The first step is to spider the gmane repository. The base URL is hard-coded in the gmane.py and is hard-coded to the Sakai developer list. You can spider another repository by changing that base url. Make sure to delete the content.sqlite file if you switch the base url.

The gmane.py file operates as a responsible caching spider in that it runs slowly and retrieves one mail message per second so as to avoid getting throttled by gmane. It stores all of its data in a database and can be interrupted and restarted as often as needed. It may take many hours to pull all the data down. So you may need to restart several times.

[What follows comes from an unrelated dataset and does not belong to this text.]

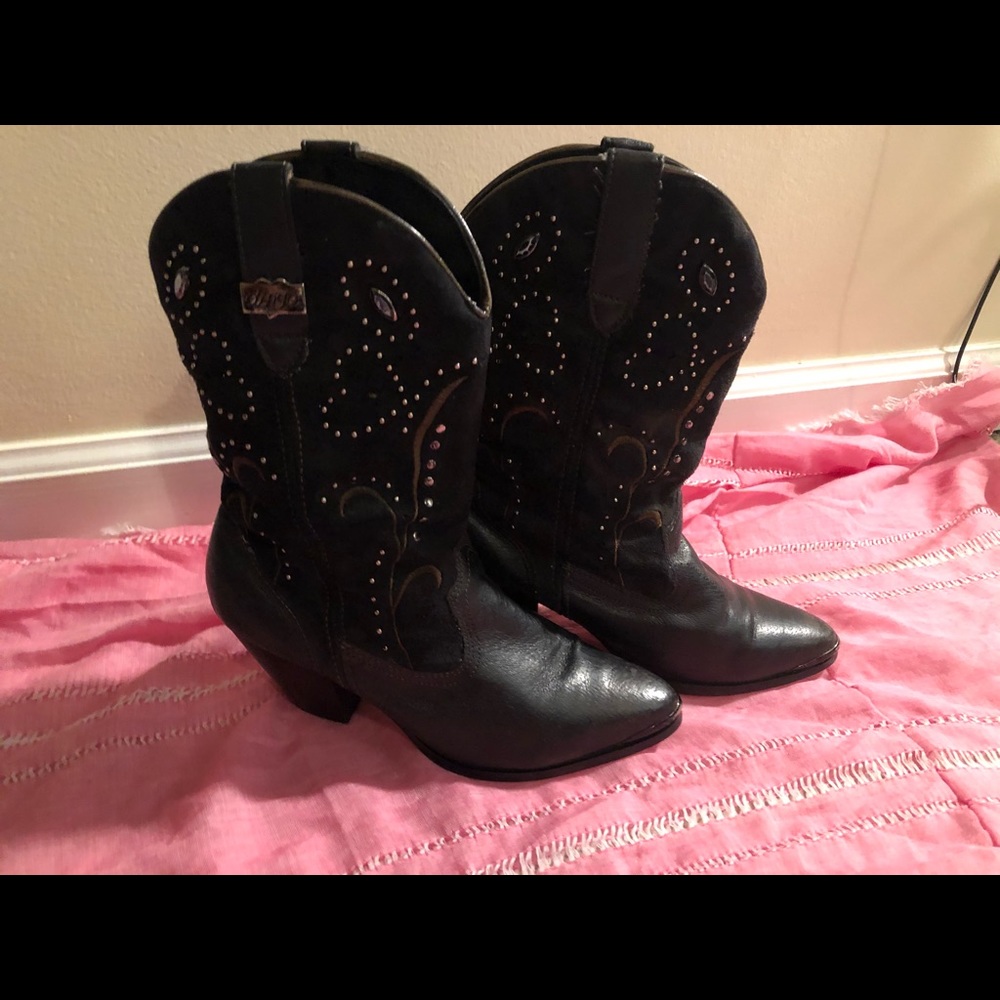 Black western boots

Here is a run of gmane.py retrieving the last five messages of the Sakai developer list:

How many messages:10
http://download.gmane.org/gmane.comp.cms.sakai.devel/51410/51411 9460
    nealcaidin@sakaifoundation.org 2013-04-05 re: [building ...
http://download.gmane.org/gmane.comp.cms.sakai.devel/51411/51412 3379
    samuelgutierrezjimenez@gmail.com 2013-04-06 re: [building ...
http://download.gmane.org/gmane.comp.cms.sakai.devel/51412/51413 9903
    da1@vt.edu 2013-04-05 [building sakai] melete 2.9 oracle ...
http://download.gmane.org/gmane.comp.cms.sakai.devel/51413/51414 349265
    m.shedid@elraed-it.com 2013-04-07 [building sakai] ...
http://download.gmane.org/gmane.comp.cms.sakai.devel/51414/51415 3481
    samuelgutierrezjimenez@gmail.com 2013-04-07 re: ...
http://download.gmane.org/gmane.comp.cms.sakai.devel/51415/51416 0

Does not start with From 

The program scans content.sqlite from one up to the first message number not already spidered and starts spidering at that message. It continues spidering until it has spidered the desired number of messages or it reaches a page that does not appear to be a properly formatted message.

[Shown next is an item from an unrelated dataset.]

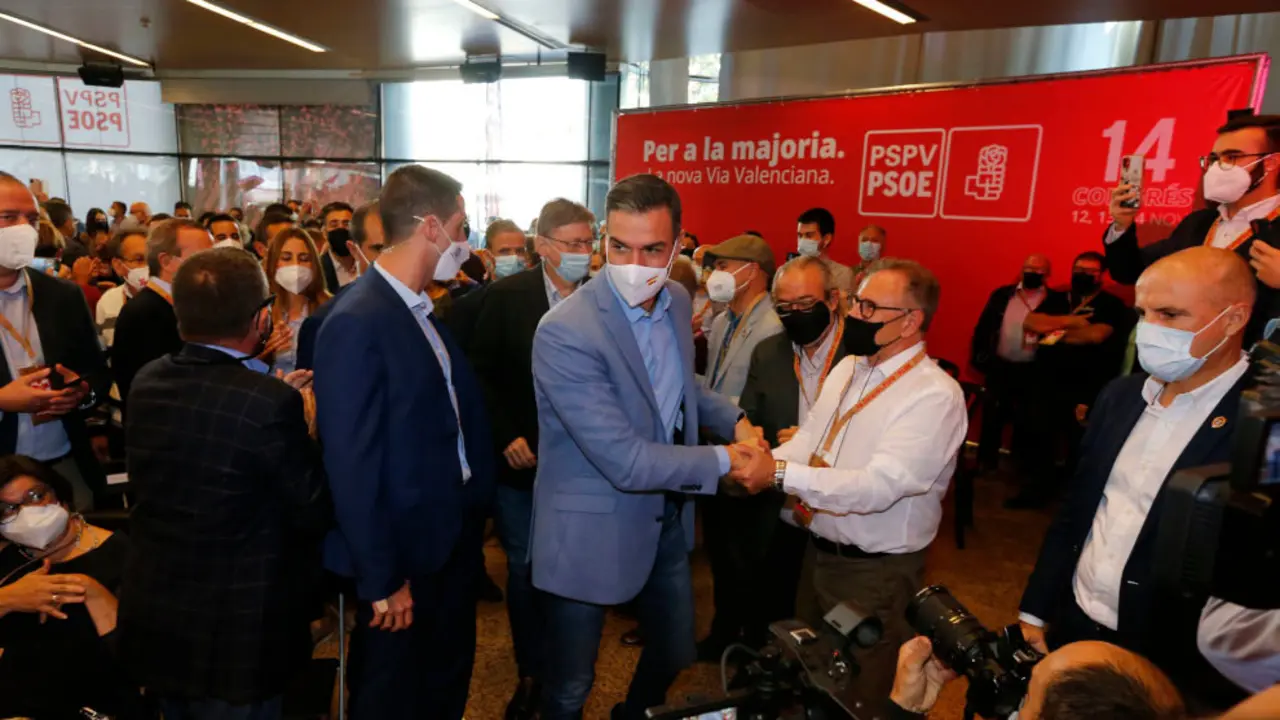 El presidente de la Generalitat valenciana y secretario general del PSV, Ximo Puig (i) y el secretario general del PSOE y presidente del Gobierno, Pedro Sánchez, a su llegada a la clausura del XIV Congreso del PSV-PSOE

Sometimes gmane.org is missing a message. Perhaps administrators can delete messages or perhaps they get lost. If your spider stops, and it seems it has hit a missing message, go into the SQLite Manager and add a row with the missing id leaving all the other fields blank and restart gmane.py. This will unstick the spidering process and allow it to continue. These empty messages will be ignored in the next phase of the process.

One nice thing is that once you have spidered all of the messages and have them in content.sqlite, you can run gmane.py again to get new messages as they are sent to the list.

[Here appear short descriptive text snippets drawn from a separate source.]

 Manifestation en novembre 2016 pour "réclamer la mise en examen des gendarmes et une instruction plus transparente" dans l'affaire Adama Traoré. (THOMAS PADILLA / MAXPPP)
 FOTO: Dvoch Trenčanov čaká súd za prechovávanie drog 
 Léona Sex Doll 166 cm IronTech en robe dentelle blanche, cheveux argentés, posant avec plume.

The content.sqlite data is pretty raw, with an inefficient data model, and not compressed. This is intentional as it allows you to look at content.sqlite in the SQLite Manager to debug problems with the spidering process. It would be a bad idea to run any queries against this database, as they would be quite slow.

The second process is to run the program gmodel.py. This program reads the raw data from content.sqlite and produces a cleaned-up and well-modeled version of the data in the file index.sqlite. This file will be much smaller (often 10X smaller) than content.sqlite because it also compresses the header and body text.

Each time gmodel.py runs it deletes and rebuilds index.sqlite, allowing you to adjust its parameters and edit the mapping tables in content.sqlite to tweak the data cleaning process. This is a sample run of gmodel.py. It prints a line out each time 250 mail messages are processed so you can see some progress happening, as this program may run for a while processing nearly a Gigabyte of mail data.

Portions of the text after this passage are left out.